Unorganized territory in Aitkin County, Minnesota, United States

Jewett is an unorganized territory in Aitkin County, Minnesota, United States. The population was 45 at the 2020 census.

==History==
Jewett was named for D. M. Jewett, a pioneer settler.

==Geography==
According to the United States Census Bureau, the unorganized territory has a total area of 91.6 sqkm, of which 91.4 sqkm is land and 0.3 sqkm, or 0.29%, is water.

==Demographics==
At the 2000 census there were 46 people, 17 households, and 12 families in the unorganized territory. The population density was 1.3 PD/sqmi. There were 26 housing units at an average density of 0.7 /sqmi. The racial makeup of the unorganized territory was 100.00% White.
Of the 17 households 47.1% had children under the age of 18 living with them, 58.8% were married couples living together, 5.9% had a female householder with no husband present, and 29.4% were non-families. 29.4% of households were one person and 23.5% were one person aged 65 or older.
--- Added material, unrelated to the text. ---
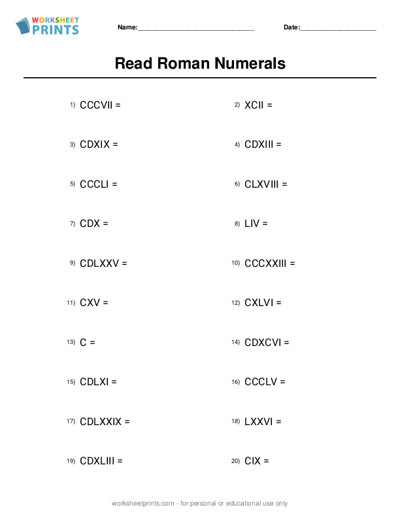 Roman Numerals Worksheet Generator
The average household size was 2.71 and the average family size was 3.42.

The age distribution was 41.3% under the age of 18, 34.8% from 25 to 44, 6.5% from 45 to 64, and 17.4% 65 or older. The median age was 32 years. For every 100 females, there were 91.7 males. For every 100 females age 18 and over, there were 80.0 males.

The median household income was $34,375 and the median family income was $45,417. Males had a median income of $16,250 versus $20,000 for females. The per capita income for the unorganized territory was $18,003. There were no families and 5.1% of the population living below the poverty line, including no under eighteens and 16.7% of those over 64.